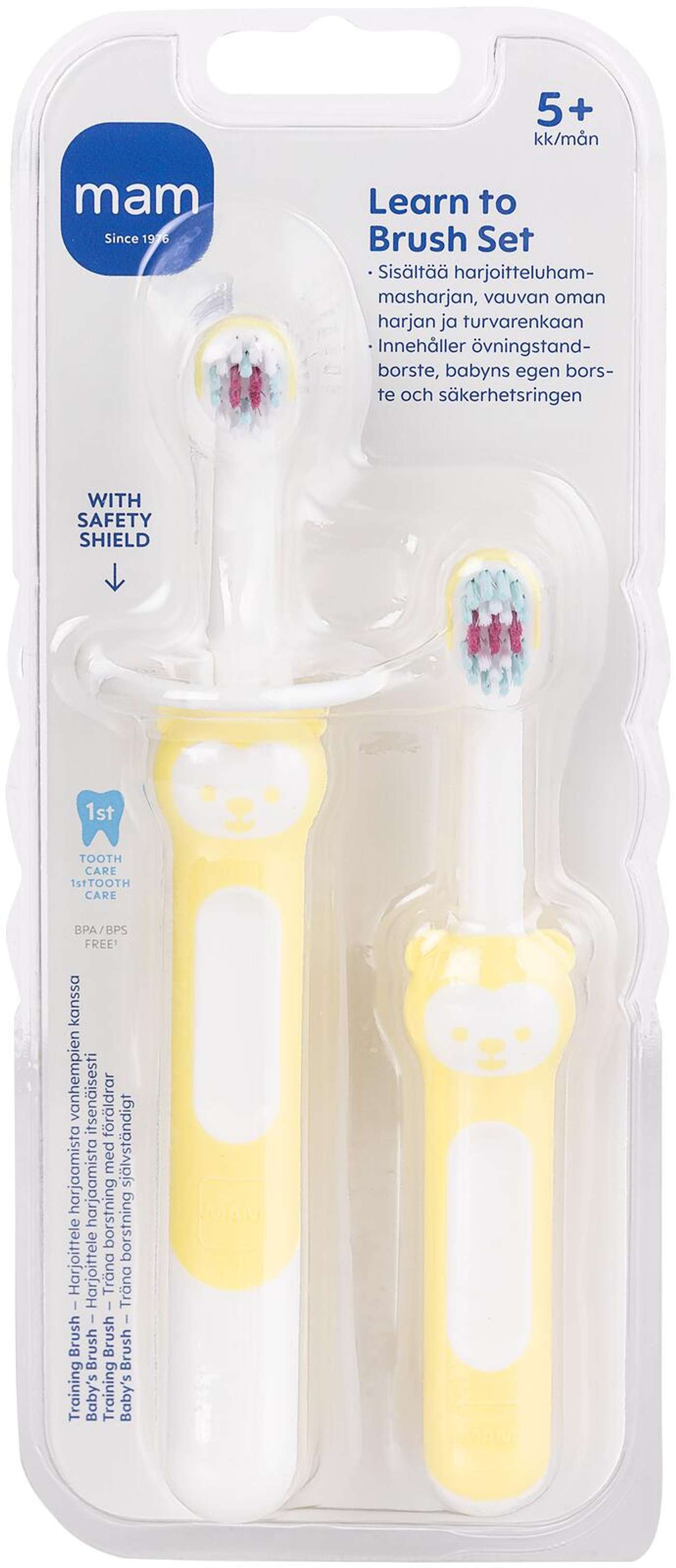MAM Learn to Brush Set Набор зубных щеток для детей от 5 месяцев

•••

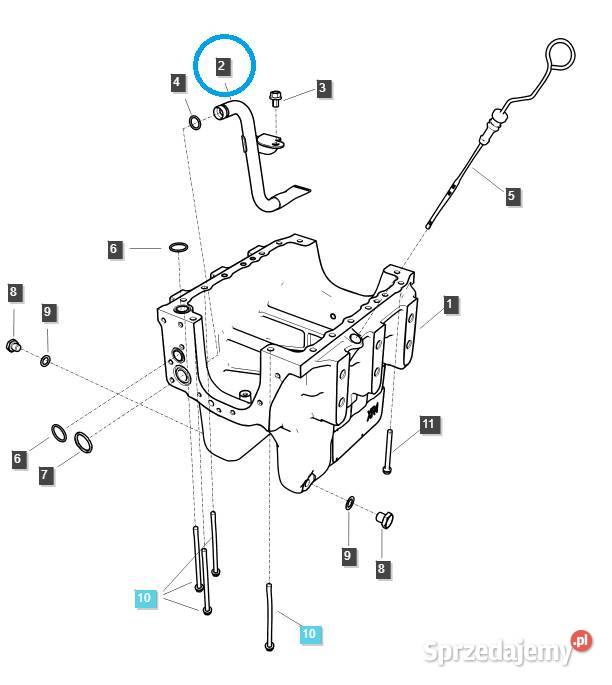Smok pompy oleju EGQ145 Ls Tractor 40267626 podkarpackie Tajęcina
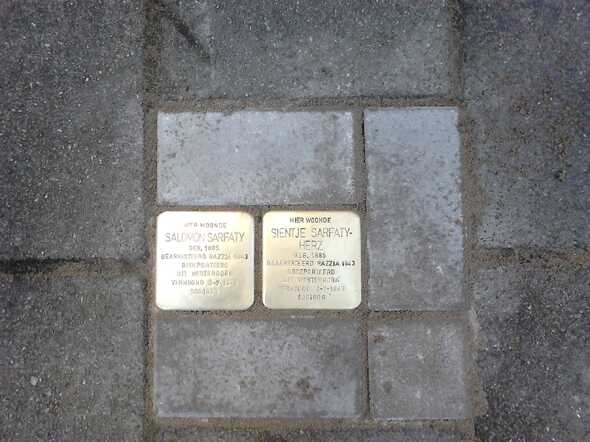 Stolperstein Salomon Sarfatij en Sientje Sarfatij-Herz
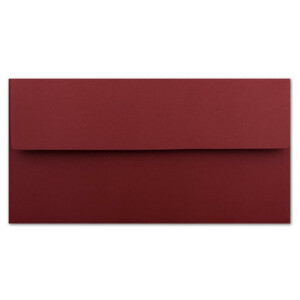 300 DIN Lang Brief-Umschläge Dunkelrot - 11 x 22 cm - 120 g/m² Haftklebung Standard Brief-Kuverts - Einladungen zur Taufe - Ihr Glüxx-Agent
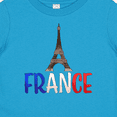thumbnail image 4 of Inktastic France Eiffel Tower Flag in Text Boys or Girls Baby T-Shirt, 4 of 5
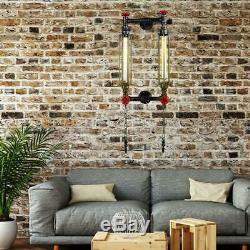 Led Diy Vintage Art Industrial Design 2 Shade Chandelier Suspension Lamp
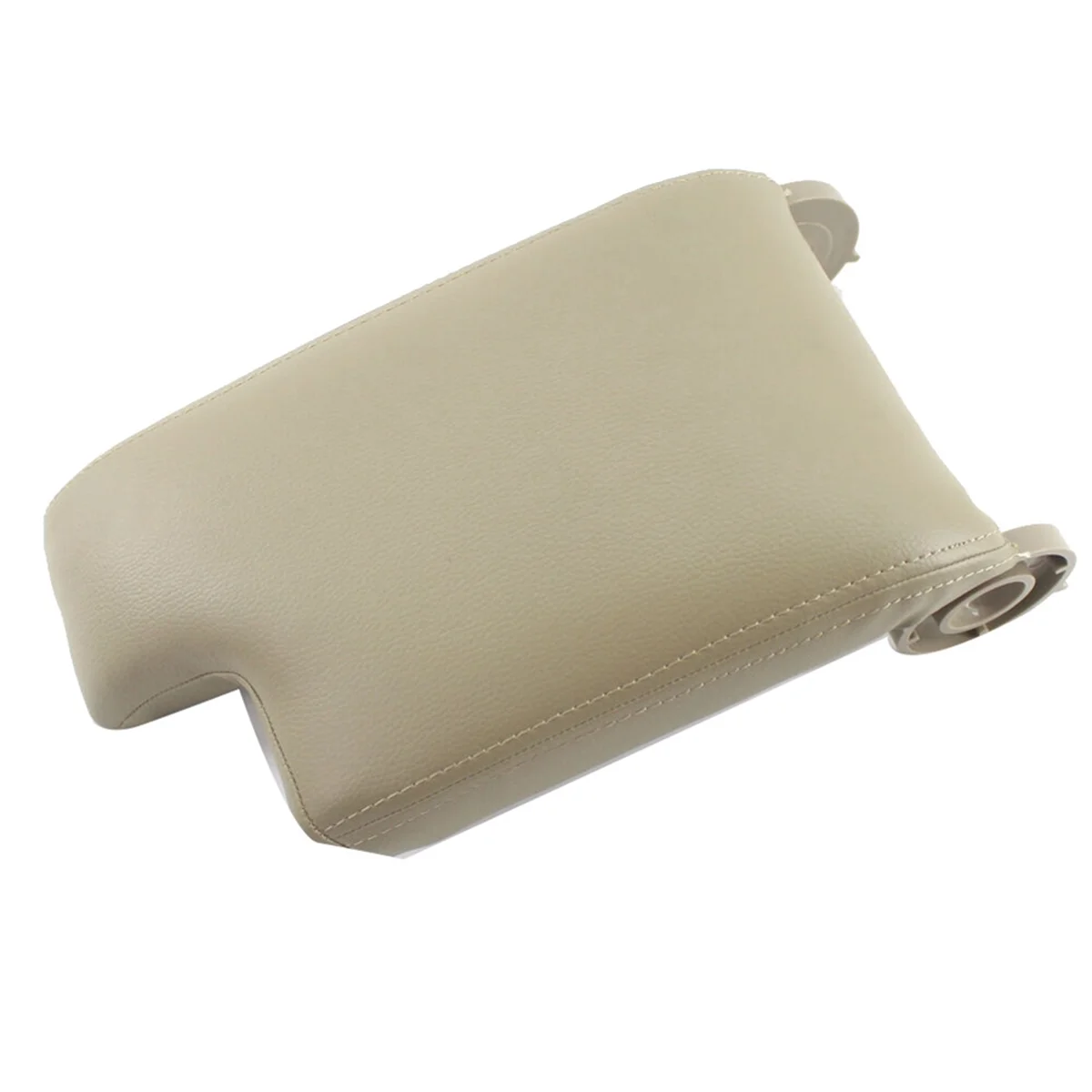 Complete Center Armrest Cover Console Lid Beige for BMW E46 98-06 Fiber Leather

•••

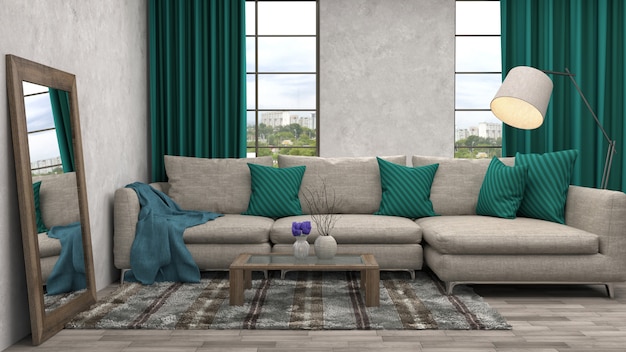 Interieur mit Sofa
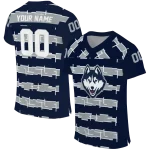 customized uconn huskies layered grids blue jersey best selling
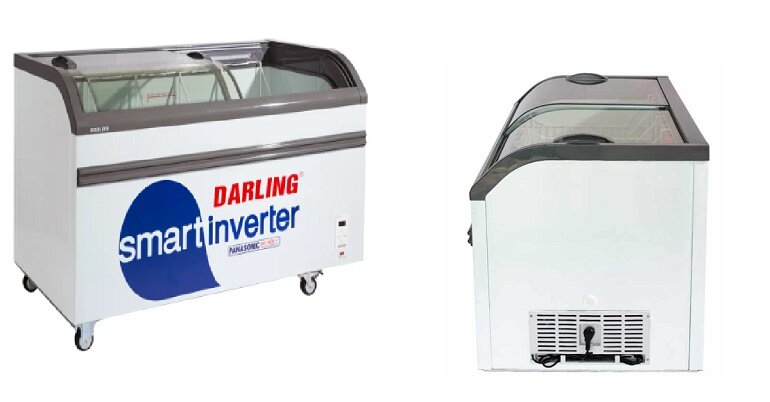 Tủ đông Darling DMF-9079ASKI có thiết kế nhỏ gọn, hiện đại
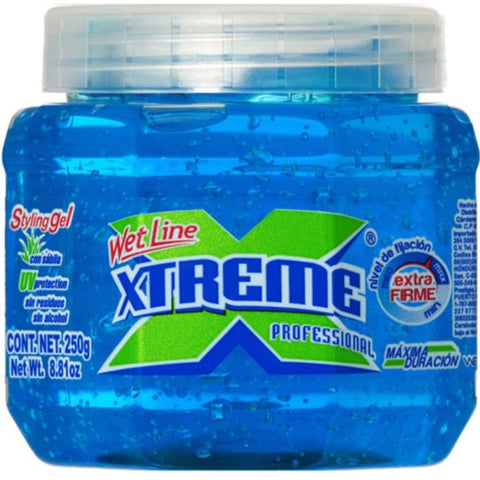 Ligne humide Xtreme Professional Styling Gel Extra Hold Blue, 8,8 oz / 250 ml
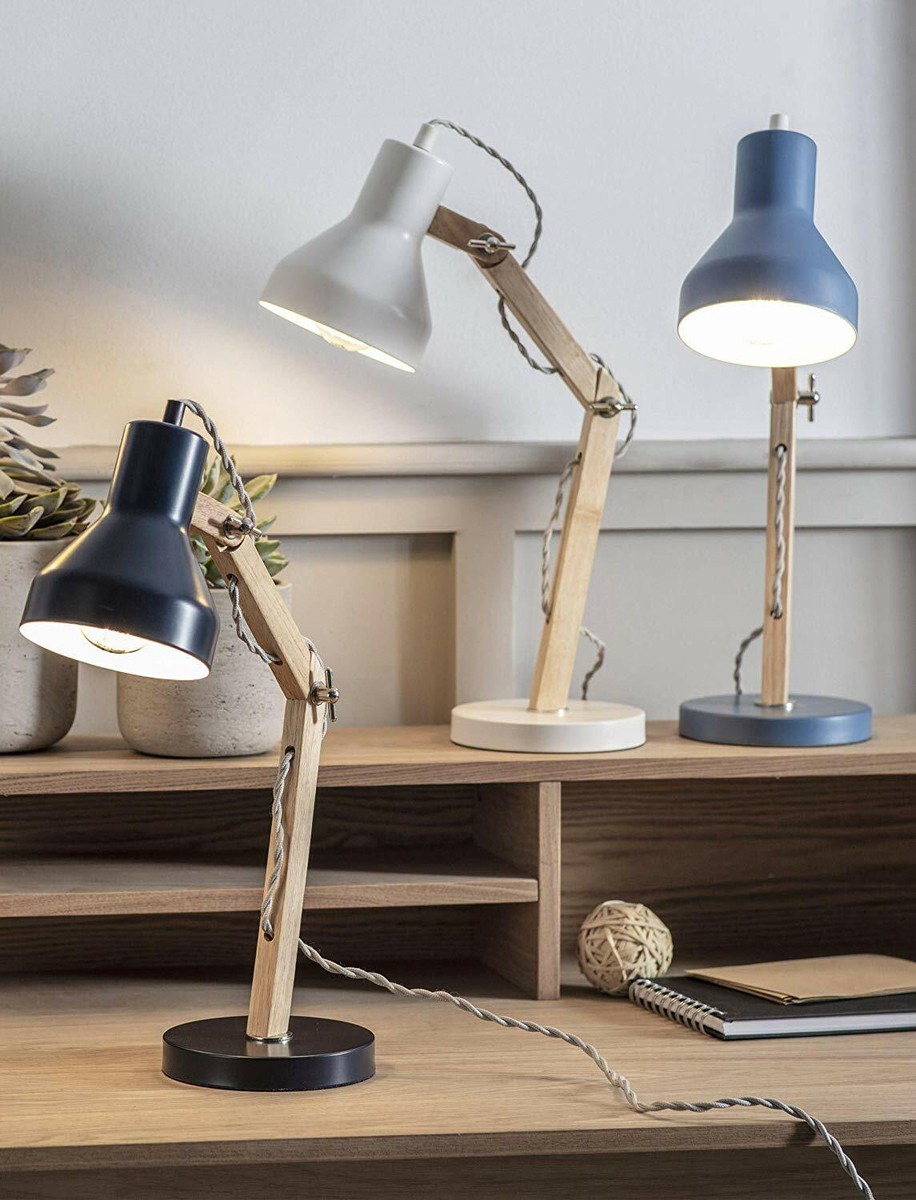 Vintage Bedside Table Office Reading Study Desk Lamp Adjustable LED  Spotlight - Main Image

•••

The reply should hold exactly the lines above, starting at the line with "customized uconn huskies" and ending at the line with "Vintage Bedside Table", and no pictures.

 customized uconn huskies layered grids blue jersey best selling
 Tủ đông Darling DMF-9079ASKI có thiết kế nhỏ gọn, hiện đại
 Ligne humide Xtreme Professional Styling Gel Extra Hold Blue, 8,8 oz / 250 ml
 Vintage Bedside Table Office Reading Study Desk Lamp Adjustable LED  Spotlight - Main Image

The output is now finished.